24 listopada 2017 0 przez administrator

Uczniowie podstawówek dostali podręcznik, w którym nasze miasto i cały region zostały przedstawione jako zdegradowany obszar klęski ekologicznej. Spodek jest bunkrem chroniącym przed skażeniem, a w miejscu Strefy Kultury, mamy czynną, dziewiętnastowieczną kopalnię.

Dr hab. Małgorzata Myśliwiec z Uniwersytetu Śląskiego, która zapoznała się z treścią podręcznika mówi, że to co tam znalazła, po prostu jest skandaliczne. Są w nim przedstawione wybrane miasta Polski, ale Katowice opisano w sposób kompletnie odbiegający od dzisiejszej rzeczywistości. Bzdury też napisano o mieszkańcach.

Podręcznik do klasy piątej szkoły podstawowej „Witaj przyrodo” został napisany w 2013 r. W obecnym roku szkolnym uczniowie dostali wydanie IV zmienione, z 2016 r. Z wydania tego wynika, że autorzy nie tylko że po Polsce nie jeździli, lecz również nie oglądali telewizji, nie słuchali radia, nie czytali gazet i nie zaglądali do polskiego Internetu. Wszędzie tam bowiem natknąć się można na informacje i zdjęcia z Katowic.

Tymczasem dla autorów oficjalnego podręcznika szkolnego: „Katowice są największym miastem Górnośląskiego Okręgu Przemysłowego (w skrócie GOP) i stolicą województwa śląskiego. GOP jest największym w Polsce zespołem miejsko-przemysłowym. Obejmuje czternaście większych miast i liczy ponad 2,5 mln. mieszkańców, zatrudnionych m.in. w kopalniach węgla kamiennego, hutnictwie i energetyce. Okręg ten leży na Wyżynie Śląskiej i należy do regionów o największym w Polsce zagrożeniu ekologicznym”. 

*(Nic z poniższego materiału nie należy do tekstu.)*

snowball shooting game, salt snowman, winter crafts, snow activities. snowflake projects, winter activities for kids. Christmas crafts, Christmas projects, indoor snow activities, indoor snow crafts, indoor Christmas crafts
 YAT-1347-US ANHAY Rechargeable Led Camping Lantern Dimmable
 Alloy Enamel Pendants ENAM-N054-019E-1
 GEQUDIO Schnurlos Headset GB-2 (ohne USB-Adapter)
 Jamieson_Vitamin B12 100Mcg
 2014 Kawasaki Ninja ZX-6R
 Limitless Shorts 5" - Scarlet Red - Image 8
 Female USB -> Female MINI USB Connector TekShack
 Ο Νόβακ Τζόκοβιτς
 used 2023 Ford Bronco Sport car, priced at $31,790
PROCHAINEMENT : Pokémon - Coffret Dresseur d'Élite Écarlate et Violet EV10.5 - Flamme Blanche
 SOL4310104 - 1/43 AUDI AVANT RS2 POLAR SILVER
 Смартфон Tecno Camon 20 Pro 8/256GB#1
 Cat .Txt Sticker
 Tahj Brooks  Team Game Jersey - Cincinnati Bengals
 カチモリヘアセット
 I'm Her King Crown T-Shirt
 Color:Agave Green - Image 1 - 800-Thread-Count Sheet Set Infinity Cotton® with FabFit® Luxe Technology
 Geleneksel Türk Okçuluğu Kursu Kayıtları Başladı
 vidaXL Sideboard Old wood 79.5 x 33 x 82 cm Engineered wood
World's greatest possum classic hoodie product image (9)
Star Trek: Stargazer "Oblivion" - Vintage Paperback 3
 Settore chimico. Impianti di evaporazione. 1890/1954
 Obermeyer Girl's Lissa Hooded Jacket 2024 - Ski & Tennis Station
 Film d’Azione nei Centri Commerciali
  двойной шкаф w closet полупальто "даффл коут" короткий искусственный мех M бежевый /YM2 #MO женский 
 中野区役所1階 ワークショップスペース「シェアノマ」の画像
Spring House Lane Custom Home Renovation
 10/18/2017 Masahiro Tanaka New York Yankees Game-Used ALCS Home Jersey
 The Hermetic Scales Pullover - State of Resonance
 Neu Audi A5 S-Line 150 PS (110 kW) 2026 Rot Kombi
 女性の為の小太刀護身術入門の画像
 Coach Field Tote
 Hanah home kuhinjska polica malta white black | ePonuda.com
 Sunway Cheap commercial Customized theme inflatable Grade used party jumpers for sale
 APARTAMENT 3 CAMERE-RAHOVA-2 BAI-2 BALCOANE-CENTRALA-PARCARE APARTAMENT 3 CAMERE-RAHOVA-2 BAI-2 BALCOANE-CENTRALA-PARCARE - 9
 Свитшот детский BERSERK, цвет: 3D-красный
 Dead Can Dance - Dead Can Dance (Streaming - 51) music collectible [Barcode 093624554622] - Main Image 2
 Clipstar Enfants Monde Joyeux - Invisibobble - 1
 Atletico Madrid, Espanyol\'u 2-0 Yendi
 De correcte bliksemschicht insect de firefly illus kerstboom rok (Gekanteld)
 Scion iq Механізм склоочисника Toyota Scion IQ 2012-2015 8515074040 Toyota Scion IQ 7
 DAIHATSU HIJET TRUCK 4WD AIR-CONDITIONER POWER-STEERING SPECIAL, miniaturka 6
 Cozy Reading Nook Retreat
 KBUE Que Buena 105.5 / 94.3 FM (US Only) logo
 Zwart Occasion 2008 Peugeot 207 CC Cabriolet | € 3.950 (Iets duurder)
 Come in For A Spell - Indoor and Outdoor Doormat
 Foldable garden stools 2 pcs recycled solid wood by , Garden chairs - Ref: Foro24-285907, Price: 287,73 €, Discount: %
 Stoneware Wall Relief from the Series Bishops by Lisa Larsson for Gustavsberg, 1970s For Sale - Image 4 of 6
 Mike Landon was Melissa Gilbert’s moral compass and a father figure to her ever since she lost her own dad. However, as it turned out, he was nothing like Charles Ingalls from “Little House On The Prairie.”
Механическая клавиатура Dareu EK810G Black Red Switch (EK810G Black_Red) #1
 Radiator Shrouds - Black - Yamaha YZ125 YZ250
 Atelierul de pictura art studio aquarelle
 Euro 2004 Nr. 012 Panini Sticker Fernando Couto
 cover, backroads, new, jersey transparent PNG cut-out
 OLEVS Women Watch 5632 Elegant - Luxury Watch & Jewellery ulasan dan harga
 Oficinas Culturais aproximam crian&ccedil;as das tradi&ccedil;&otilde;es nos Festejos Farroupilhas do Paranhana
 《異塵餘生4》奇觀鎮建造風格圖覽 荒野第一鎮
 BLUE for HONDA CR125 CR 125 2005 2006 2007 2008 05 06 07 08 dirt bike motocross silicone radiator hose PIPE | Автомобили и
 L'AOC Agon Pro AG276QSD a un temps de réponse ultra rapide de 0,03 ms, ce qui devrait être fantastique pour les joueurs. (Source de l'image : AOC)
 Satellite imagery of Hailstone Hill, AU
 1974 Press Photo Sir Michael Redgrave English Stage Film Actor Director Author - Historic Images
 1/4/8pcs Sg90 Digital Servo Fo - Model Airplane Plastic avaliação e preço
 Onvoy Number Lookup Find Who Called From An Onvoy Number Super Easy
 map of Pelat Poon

Drodzy czytelnicy. Jeśli więc pracujecie gdzie indziej niż w kopalni, hucie bądź elektrowni, to tylko wam się wydaje, że tak jest. Po prostu żyjecie w Matriksie. Złudzeniem też są te stada dzików biegające wszędzie i ryjące trawniki. To nie dziki, tylko kombajny górnicze. 

Ten krótki fragment o Katowicach zilustrowano zdjęciem szybu stojącego w Strefie Kultury, lecz tak ujętego, by robił wrażenie czynnej wieży wyciągowej stojącej obok przedpotopowych obiektów przemysłowych oraz Spodka, wyglądającego tu jak bunkier chroniący przed skażeniem. Ani słowa o zmianach, które przeszedł nasz region i nasze miasto. 

O Krakowie napisano, że kwitnie w nim kultura i jest mnóstwo zabytków (o smogu ani słowa). O Łodzi, że dawne kompleksy przemysłowe stały się centrami handlowymi, kulturalnymi albo muzeami i że są tam ważne szkoły wyższe. O Poznaniu, że w mieście działa wspaniały chór i odbywają się prestiżowe konkursy muzyczne. Zaś o Trójmieście, że ma monument upamiętniający poległych stoczniowców, wielkie akwarium, gdzie można podziwiać zwierzęta morskie i słodkowodne i że tam narodziła się Solidarność.

W Katowicach nie ma konkursów muzycznych, koncertów i festiwali. Nie było kopalni Wujek i poległych górników. Nie istnieją żadne uczelnie, ani nawet centra handlowe. Jest tylko skażenie gleby, powietrza i mózgów. Te ostatnie tak nam zatruto, że uwierzyliśmy, iż świat wokół nas wygląda całkiem inaczej.